Pain is relentless in this world. It skews our perception and debilitates us from seeing the good that comes from the opportunities from pain. Presence of friends is sometimes all we need to go through pain. We need friends in our lives who will not back out when times get rough, and who will stay and fight with us to encourage us, and to pick us back up off the ground. We need friends to guide us back to a hope. It is beneficial to both the one in need and the one comforting. Because of the inevitability of blinding pain in this world, friends are vital to guide us back to Him.

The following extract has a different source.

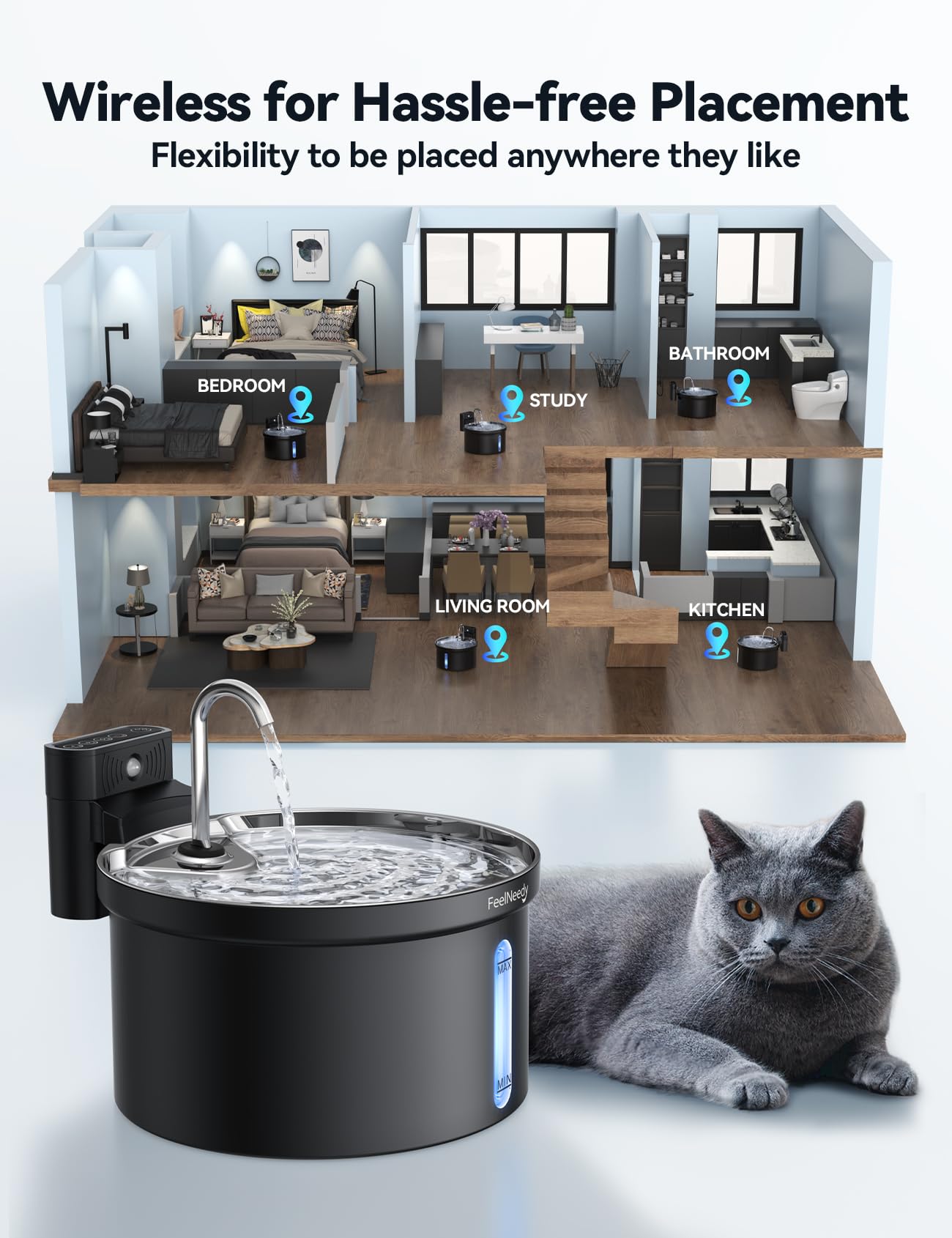 FEELNEEDY Wireless Cat Water Fountain - 4000mAh Battery Operated, Motion Sensor, 3.5L Capacity, Black, Model FN-W08L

The Book of Ruth is about Hesed, which is the Hebrew word for undying love. This is shown through the friendship between Naomi and Ruth. Ruth’s name means friend. Hence why a book about Naomi is called Ruth as she learned the value of friends. Naomi lost all she had and saw absolutely no future for herself. She lost all sense of hope. Her husband died and shortly after, both her sons died as well. This left Naomi alone with her two daughter-in-law’s, Orpah and Ruth. Naomi is hurt deeply and soaking in her pain and focusing on the lost. When we focus on the lost, we blind ourselves of seeing what lays ahead. God’s plan is much greater than any plan we set for ourselves. Setting plans for our lives sets us up for pain which blinds us from seeing God’s ultimate plan; find friends to guide you back to His plan. Friendships are vital to walking back towards God.

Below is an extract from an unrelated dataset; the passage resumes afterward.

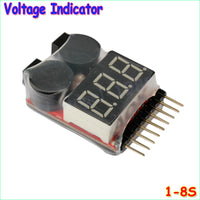 1pcs Hot Sell 1-8S LED Low Voltage Buzzer Alarm Lipo Voltage Indicator Checker Tester Wholesale Dropship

Ruth 1:14 tells us this, “And they lifted up their voices and wept again; and Orpah kissed her mother-in-law, but Ruth clung to her.” The definition of cling is to attach oneself to. Ruth clings to Naomi at the perfect time. In the next couple of verses, Naomi insists Ruth to leave, but Ruth refuses to leave. Their friendship is until death. Ruth’s commitment as a friend to Naomi is what Hesed is all about. God rewards those who carry others burdens alongside them. We see in the dialogue between Boaz and Ruth in Ruth 2:11-12 that this is true. Ruth gives up everything she knows to encourage and comfort Naomi. Not only should we find a friend who will do this for us, but we also need to be this type of friend to someone else.

Being a friend to someone in need also gains you a friend in the future when you are in need. (Ruth 3:1-5) Naomi puts her pain aside to help out her daughter-in-law, Ruth. Do not allow pain to refrain you from loving. We must love at all costs and do such through people. Personal pain gives you experience in a new field and allows sympathy to enter into your world. That sympathy allows us to relate better, strengthening relationships and permits us to grow together as community.

I love the story in the book of Ruth. It is showing us that when all hope is lost, relationships are vital to bring us back to hope. When we lose hope, we lose the purpose of life. When pain comes your way, open your eyes and look for the benefits. Do not just focus on what was lost. In pain, we seek our own comfort and turn selfish. We need to seek His comfort and look at what God is doing through our pain. In Ruth 4, Naomi ends up being purposeful to Ruth’s marriage to Boaz. This marriage was strictly God using Naomi to help Ruth. Dr. Randall Smith states, “Naomi was trying to save her life; God was setting up saving the world.” We need to stop looking at pain as if God isn’t for us. He loves us and will not forsake us. He will use us. We need to open our eyes to see the goodness coming from the pain. Be the Ruth in someone’s life. Carry the hurt with someone.